Editor’s Notes: In this episode, Glenn Diesen is joined by Professor Jeffrey Sachs to discuss the collapse of U.S.-Iran negotiations and the subsequent naval blockade of the Strait of Hormuz. Sachs offers a scathing critique of what he describes as a “deinstitutionalized and irrational” foreign policy process driven by Donald Trump’s personal delusions and “bluster”. The conversation explores the chaos of the current administration, the influence of Israel on U.S. escalation, and the dangerous failure of Washington to adapt to a multipolar world. Ultimately, Sachs argues that the breakdown in statecraft is a symptom of a declining hegemon led by “amateurs” who are unable to recognize the limits of American military and economic power. (April 14, 2026)
TRANSCRIPT:
GLENN DIESEN: Welcome back. Today is April 14th, and we have the great pleasure of being joined by Professor Jeffrey Sachs. So thank you as always for coming back on the program.

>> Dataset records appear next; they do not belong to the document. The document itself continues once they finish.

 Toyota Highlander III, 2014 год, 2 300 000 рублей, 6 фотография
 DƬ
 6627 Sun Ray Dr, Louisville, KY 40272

JEFFREY SACHS: I’m delighted to be with you, Glenn. Thanks a lot.
The Chaos of US-Iranian Negotiations
GLENN DIESEN: So we see that the US-Iranian negotiations appear to have failed, and largely because the US set conditions which more or less amounted to capitulation. And as a result, the US is now starting a naval blockade on the Strait of Hormuz even before the ceasefire has expired. So I was wondering, how do you make sense of this?
JEFFREY SACHS: The events day to day, of course, make no sense, or it’s very hard to discern. A few days ago, Trump was going to destroy a civilization. In the evening, suddenly there’s an announcement of a ceasefire. The next moment, Israel is essentially carpet bombing Beirut. The Straits don’t open. Then the US vice president goes for a marathon session of negotiations, completely unclear about the format and the organization, and to my sense, completely inconsistent with the statement that had been made 2 days earlier that the basis of the negotiations would be Iran’s 10-point plan, which we never heard of during the visit of Vance or the aftermath.

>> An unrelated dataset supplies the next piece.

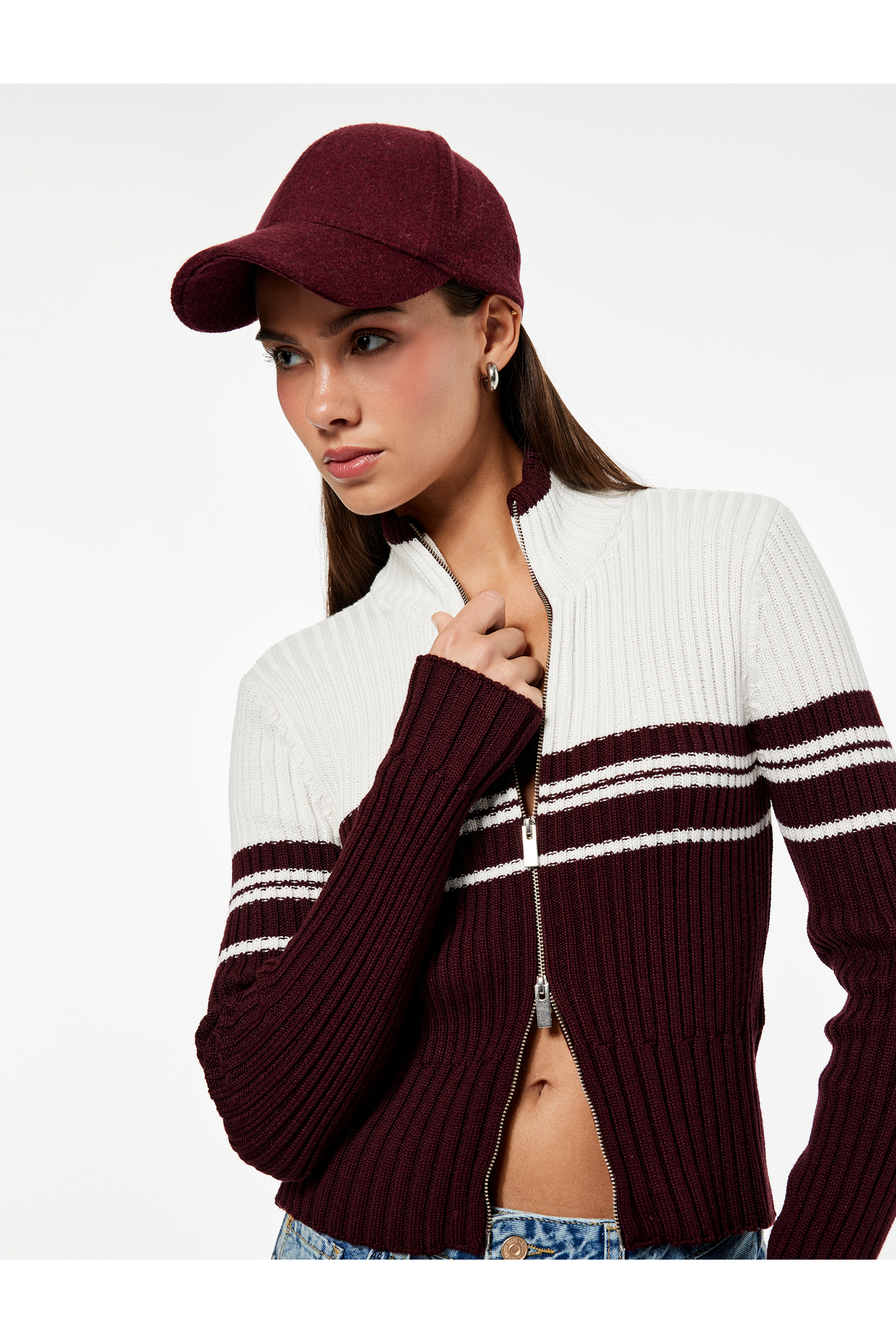 Dik Yaka Slim Fit Uzun Kollu Çizgili Fermuarlı Triko Hırka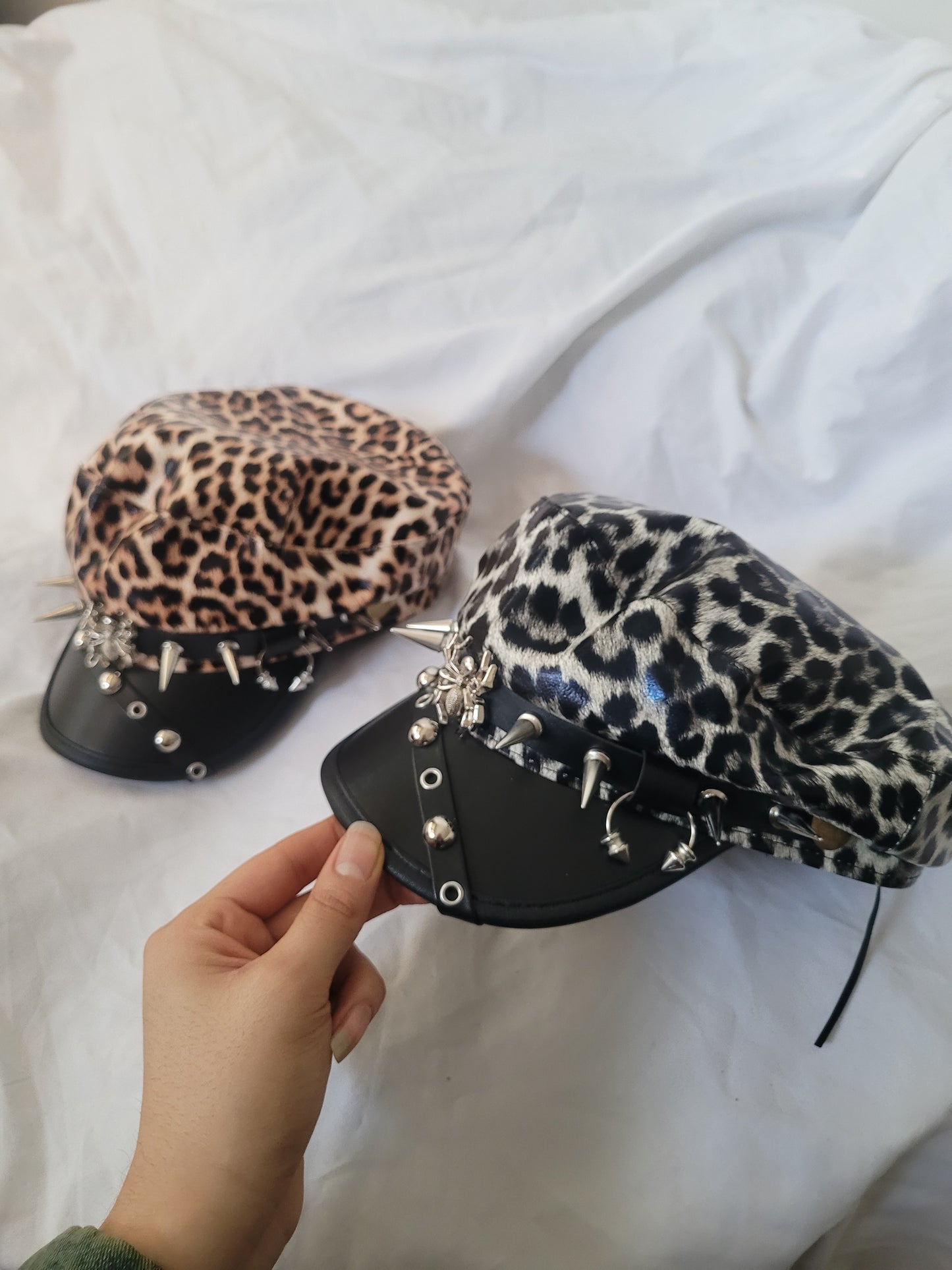 Boinas Visera punk animal print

Then the negotiations fail. Then the US blockades a blockade. This must be a first. We object to the blockade, so we blockade you. Then we hear statements made by Trump that Iran is begging for further negotiations. So honestly, this is not either linear or very transparent or very clear.
I don’t think that there’s a deeply profound cleverness beneath all of this. I think there is a chaos that is part of this story. Part of the chaos is that there are two partners on one side of the war, Israel and the United States. Israel doesn’t want a ceasefire. Israel wants the full destruction of Iran. It’s not hidden, that fact. So the moment there is a supposed ceasefire, Israel goes into escalation mode in Lebanon.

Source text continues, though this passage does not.